Recorded data:
= = =

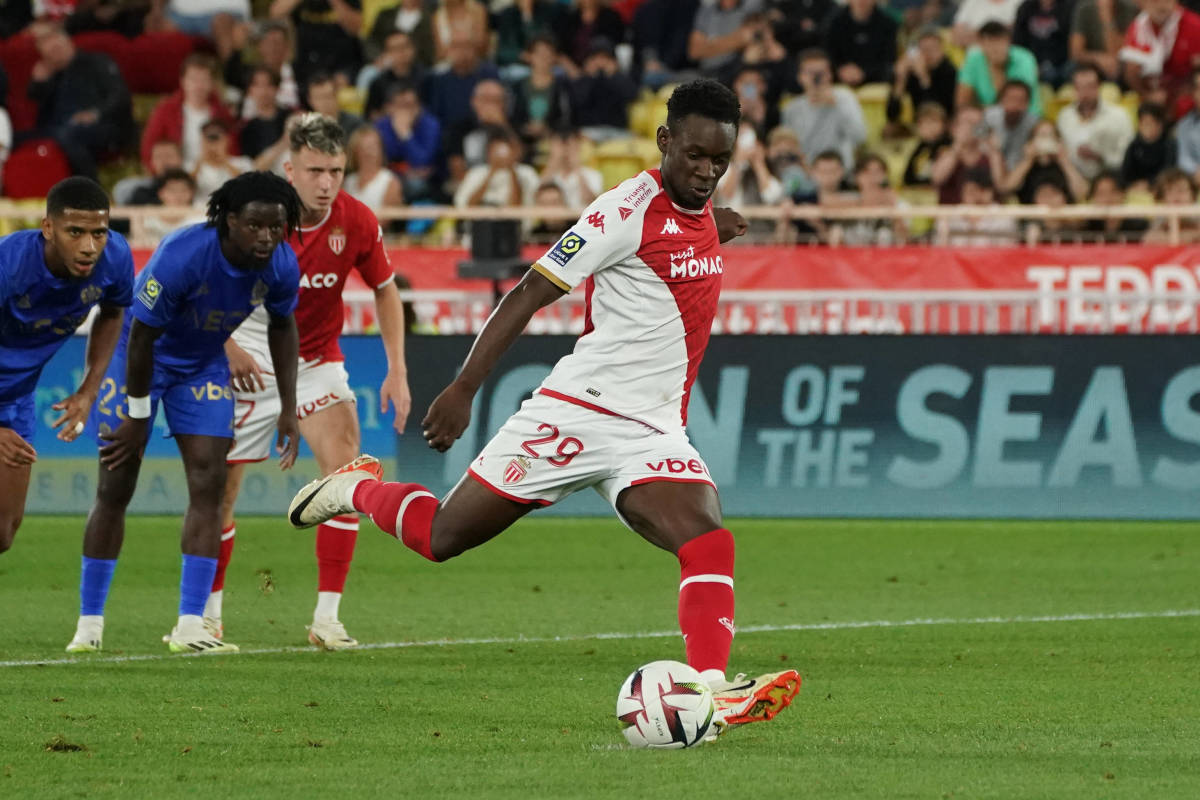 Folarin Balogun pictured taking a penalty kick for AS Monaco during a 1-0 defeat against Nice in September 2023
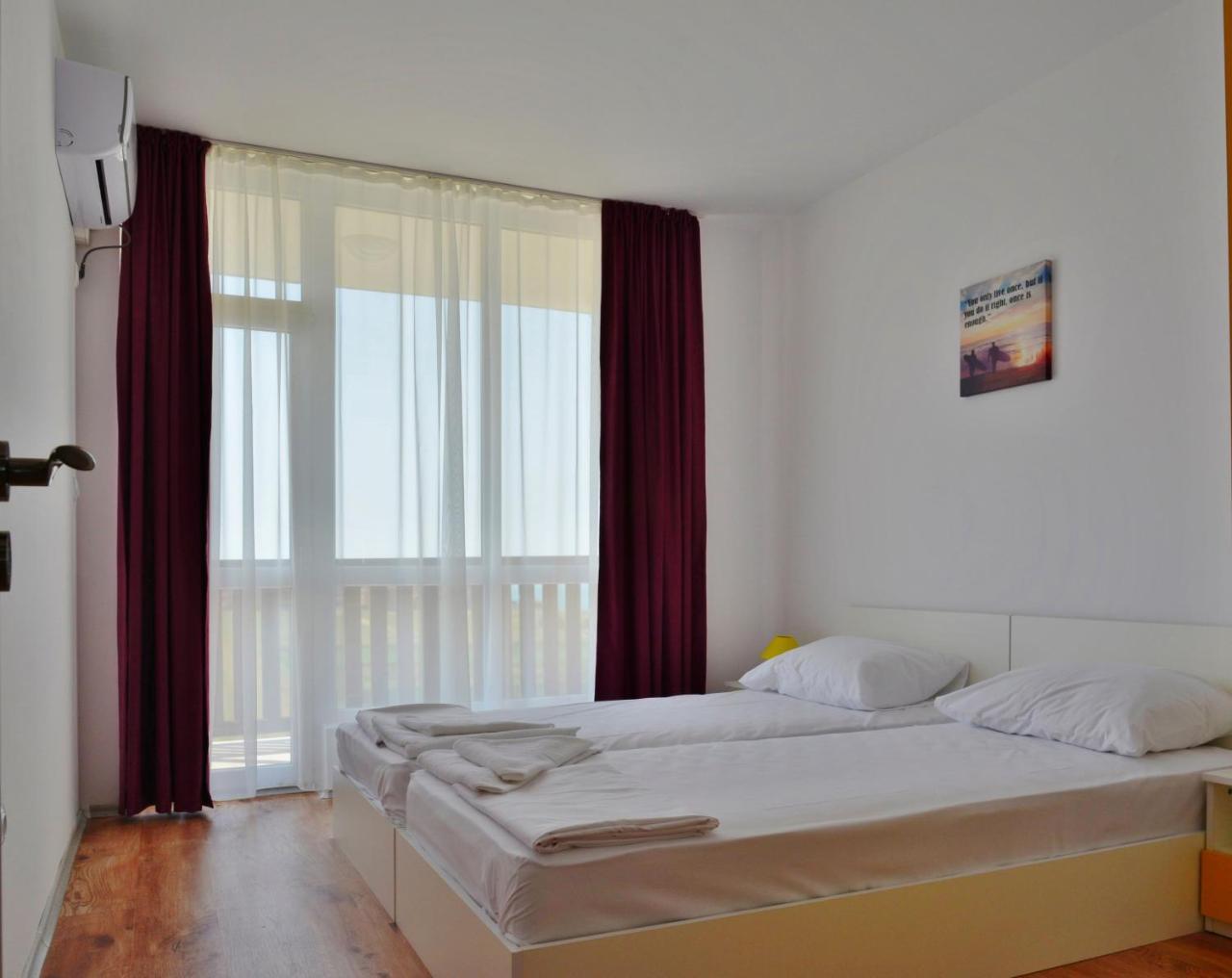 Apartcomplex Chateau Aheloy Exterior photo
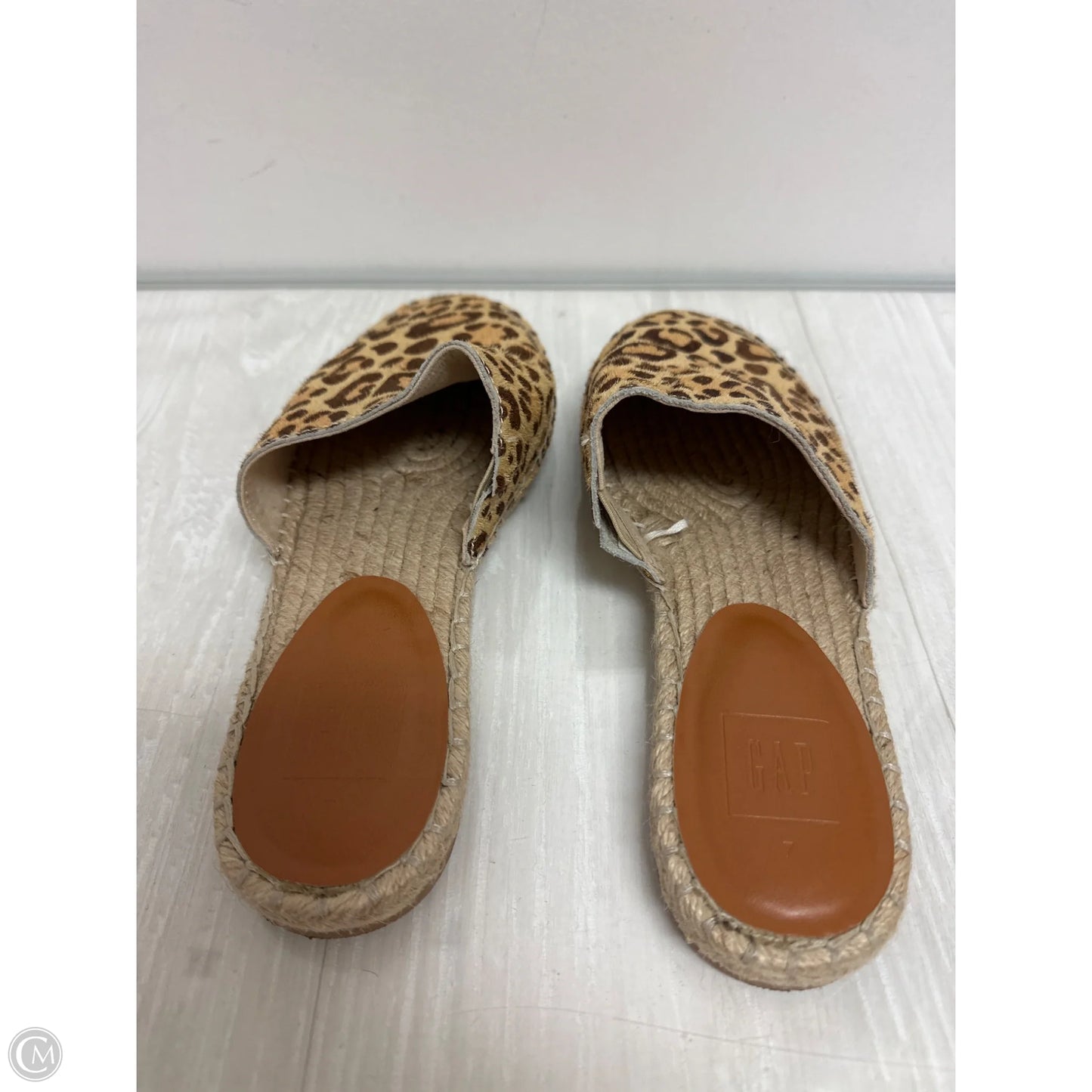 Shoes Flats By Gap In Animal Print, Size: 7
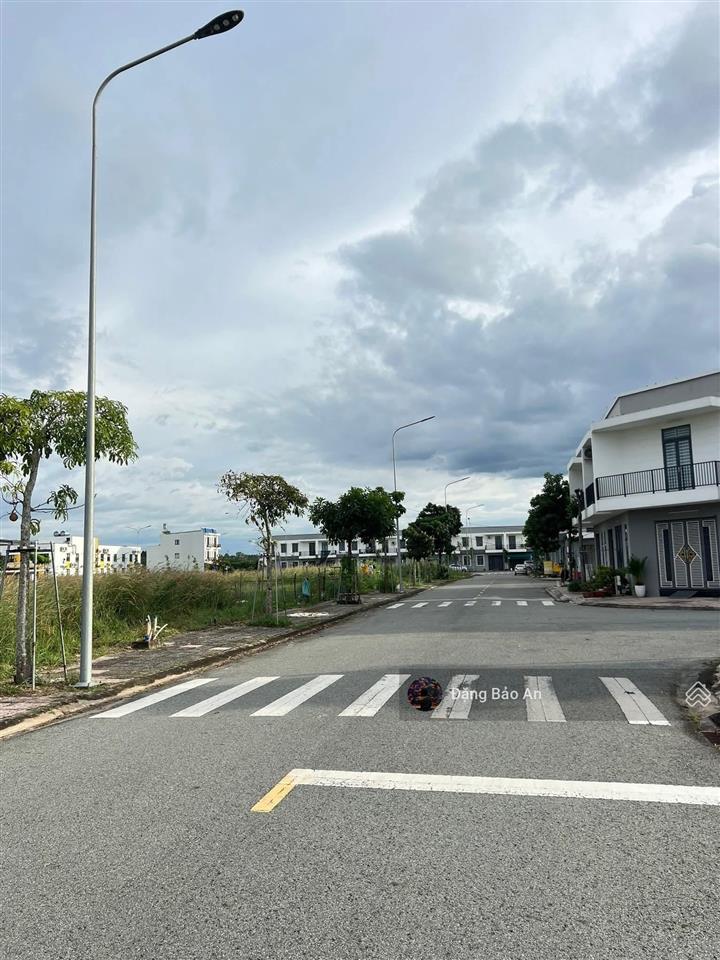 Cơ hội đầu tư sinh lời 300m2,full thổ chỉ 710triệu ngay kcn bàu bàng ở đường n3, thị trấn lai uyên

= = =

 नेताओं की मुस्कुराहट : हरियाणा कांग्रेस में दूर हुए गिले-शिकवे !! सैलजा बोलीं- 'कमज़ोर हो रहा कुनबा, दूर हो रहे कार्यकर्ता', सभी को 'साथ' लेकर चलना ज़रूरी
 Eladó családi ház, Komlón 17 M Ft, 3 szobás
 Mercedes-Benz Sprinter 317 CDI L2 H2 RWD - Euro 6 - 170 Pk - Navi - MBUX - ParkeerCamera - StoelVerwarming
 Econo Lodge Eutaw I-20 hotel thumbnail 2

= = =

Requirement:
The data above holds the lines to copy: start at the one with "Folarin Balogun pictured", stop at the one with "Cơ hội đầu tư", include both, copy them exactly without pictures, and copy nothing else.

Response:
 Folarin Balogun pictured taking a penalty kick for AS Monaco during a 1-0 defeat against Nice in September 2023
 Apartcomplex Chateau Aheloy Exterior photo
 Shoes Flats By Gap In Animal Print, Size: 7
 Cơ hội đầu tư sinh lời 300m2,full thổ chỉ 710triệu ngay kcn bàu bàng ở đường n3, thị trấn lai uyên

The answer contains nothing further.